There is no magical power that prevents these things from happening. These things happen because people make decisions to act or not act. Individuals choose to passively let bad things happen rather than put themselves at risk to say no.
Who would stop that abduction from happening with force? What if the men doing that are police officers? What if they go after your family the day after?
The constitution is just a piece of paper. Law is just an idea. For it to have any effect on physical reality, it requires someone to take actions on its behalf. Nothing on a piece of paper forces a president to follow a law. Human beings who believe in something enforce, or don't enforce, the law.
What kind of person will you be if the unthinkable starts happening?
SpicyUme
I think there is a decent argument that some of the nihilism we see in the population comes from seeing a general unwillingness to jail or proportionately punish wealthy criminals. As we have heard for a long time, if the bill for breaking the law is too small it is just a fee and if you steal from enough people it becomes a statistic.
I'm not optimistic about this. I think removing due process to allow for exporting people without any rights is a terrible idea. The writers of the declaration of independence specifically named these.
For depriving us in many cases, of the benefits of Trial by Jury: For transporting us beyond Seas to be tried for pretended offences:
Teever
I would go so far as to say that white collar crime is the root of all evil in our society. Every violent criminal, every death of despair, it all can be tied directly to white collar crime.
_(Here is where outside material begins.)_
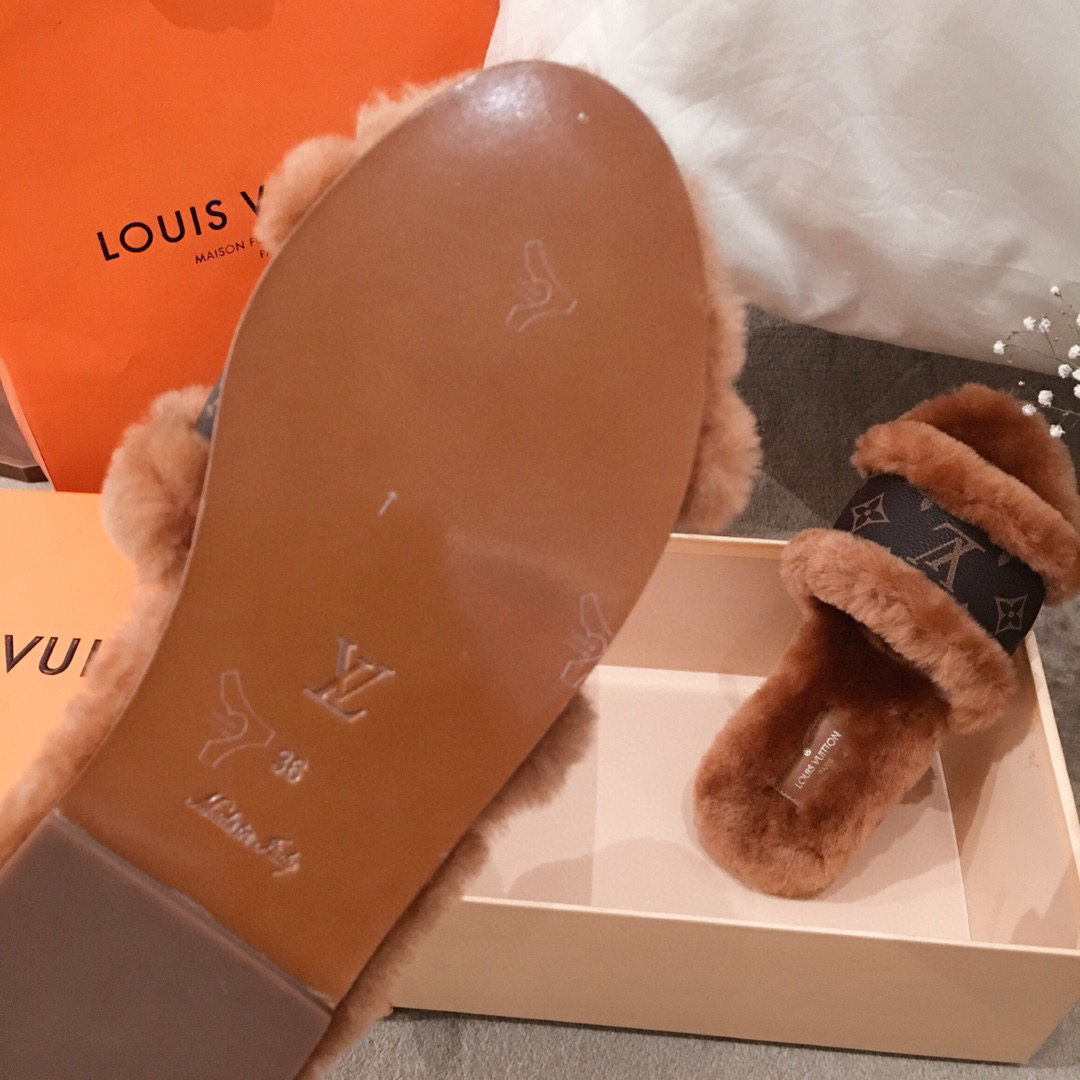 L0vis Vvtt0n Sandals 024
White collar crime and the lax punishment of it allows individuals to accrue resources that allow them to lobby the government to change laws or bribe law enforcement to not enforce laws against them which allows to accrue even more resources and a feedback loop forms.
This sucks resources away from the system that could be used to enforce other laws against violent crime or even better prevent violent crime nearly entirely through properly funded social programs that stop people from growing up in the terrible conditions that lead to most violent crime in the first place.
If we took white collar crime as seriously as street crime, we’d see a ripple effect. Funds recovered from fraud and tax evasion could go to schools, healthcare, addiction treatment, and housing. Instead, we live under a system where accountability is only for the poor.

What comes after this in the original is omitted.